The libraries mentioned above allow you to integrate ClickHouse with your custom software. This affords infinite flexibility but is certainly not required to get data into ClickHouse for analysis.

The clickhouse-client CLI has a simple way to load bulk data from files. It supports basic formats like CSV, TSV, and JSON. It also supports many modern data formats such as Apache Parquet, Apache Avro, and Google's Protobuf. Using one of these newer formats offers enormous advantages in performance and disk usage.

Of course, you can also use the clickhouse-client CLI to export data in each of these formats.

We looked at ClickHouse's ability to act as an ODBC server above. ClickHouse can also act as an ODBC client. ClickHouse will ingest data from an external ODBC database and perform any necessary ETL on the fly. It can do the same for external MySQL databases and JDBC database endpoints. ClickHouse also has a SQL abstraction over existing HDFS volumes, making Hadoop integration easy.

There are several off-the-shelf solutions for streaming data into ClickHouse. With built-in support for Apache Kafka, ClickHouse can publish or subscribe to Kafka streams. This fits nicely in existing Kafka streaming architectures and works well with AWS MSK. A third-party library exists to stream data from Apache Flink into ClickHouse. Have an existing ClickHouse deployment? The clickhouse-copier tool makes it easy to sync data between ClickHouse clusters.

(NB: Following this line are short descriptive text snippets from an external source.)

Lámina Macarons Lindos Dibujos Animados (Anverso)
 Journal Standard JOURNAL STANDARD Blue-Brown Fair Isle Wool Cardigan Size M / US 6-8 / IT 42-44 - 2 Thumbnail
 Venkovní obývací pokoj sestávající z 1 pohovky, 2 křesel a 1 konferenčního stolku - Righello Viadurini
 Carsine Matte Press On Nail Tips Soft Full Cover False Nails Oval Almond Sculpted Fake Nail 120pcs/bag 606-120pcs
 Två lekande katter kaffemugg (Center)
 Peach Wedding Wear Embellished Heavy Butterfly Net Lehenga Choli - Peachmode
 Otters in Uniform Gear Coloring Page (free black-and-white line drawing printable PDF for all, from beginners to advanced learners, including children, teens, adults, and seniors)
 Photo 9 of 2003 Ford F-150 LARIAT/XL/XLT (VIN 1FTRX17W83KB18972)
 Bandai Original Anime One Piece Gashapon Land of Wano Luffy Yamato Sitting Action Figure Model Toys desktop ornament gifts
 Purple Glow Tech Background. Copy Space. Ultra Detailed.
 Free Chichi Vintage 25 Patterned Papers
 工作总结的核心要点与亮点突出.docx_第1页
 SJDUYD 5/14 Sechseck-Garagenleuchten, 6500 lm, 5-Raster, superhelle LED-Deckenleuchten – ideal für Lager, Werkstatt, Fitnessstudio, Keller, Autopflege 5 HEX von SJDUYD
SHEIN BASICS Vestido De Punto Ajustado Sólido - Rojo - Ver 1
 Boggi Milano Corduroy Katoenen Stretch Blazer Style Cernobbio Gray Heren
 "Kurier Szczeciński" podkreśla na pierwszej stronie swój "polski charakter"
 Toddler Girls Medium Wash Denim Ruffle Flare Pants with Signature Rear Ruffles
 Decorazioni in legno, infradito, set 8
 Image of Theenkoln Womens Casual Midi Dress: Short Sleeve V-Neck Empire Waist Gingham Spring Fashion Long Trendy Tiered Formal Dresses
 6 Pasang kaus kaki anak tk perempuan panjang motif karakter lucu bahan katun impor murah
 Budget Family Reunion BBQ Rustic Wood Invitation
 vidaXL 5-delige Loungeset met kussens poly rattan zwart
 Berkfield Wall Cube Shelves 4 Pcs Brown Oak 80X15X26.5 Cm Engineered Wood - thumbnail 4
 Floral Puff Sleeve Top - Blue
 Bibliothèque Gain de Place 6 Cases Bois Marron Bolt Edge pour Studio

Let's face it: System and application logs are a prime candidate for ClickHouse data. An agent can forward those logs to your database. One option is clicktail, which was ported from Honeycomb.io's honeytail to add ClickHouse support. Another old favorite is LogStash. You'll need to install the logstash-output-clickhouse plugin, but then you'll be able to write logs directly to ClickHouse.

Backups, restore, and disaster recovery are thankless tasks for operators. Analytics databases are particularly tricky because they are too big to just dump to a single backup file. It helps to have tools that are easy to use and scale well.

ClickHouse provides just the right tools for this need. Table data gets split up on disk into "parts," each managed independently. It's easy to "freeze" a part, and save the "frozen" files using rsync, filesystem snapshots, or your favorite backup tool. You can specify how parts are created based on your use case: Your parts could hold a week's worth of data, or an hour's worth. This abstraction makes managing Petabyte-scale data sets possible.

There are also some friendly safeguards built into ClickHouse, focused on preventing human error. You must jump through an extra hoop, for example, when dropping tables over 50 GB. I embrace this feature with open arms.

Deployment

ClickHouse scales handily, from your laptop to a single server to a globally distributed cluster. Get familiar with the server, client, and configuration on your workstation. All of those skills will transfer to production.

ClickHouse is written in C++ and supports Linux, MacOS, and FreeBSD. DEB and RPM packages make installation easy. You should be aware of Altinity's Stable Releases. ClickHouse is moving fast, sometimes breaking things, and I've encountered some serious problems using the latest "release" from GitHub. Be sure to use one of Altinity's recommended releases for production use.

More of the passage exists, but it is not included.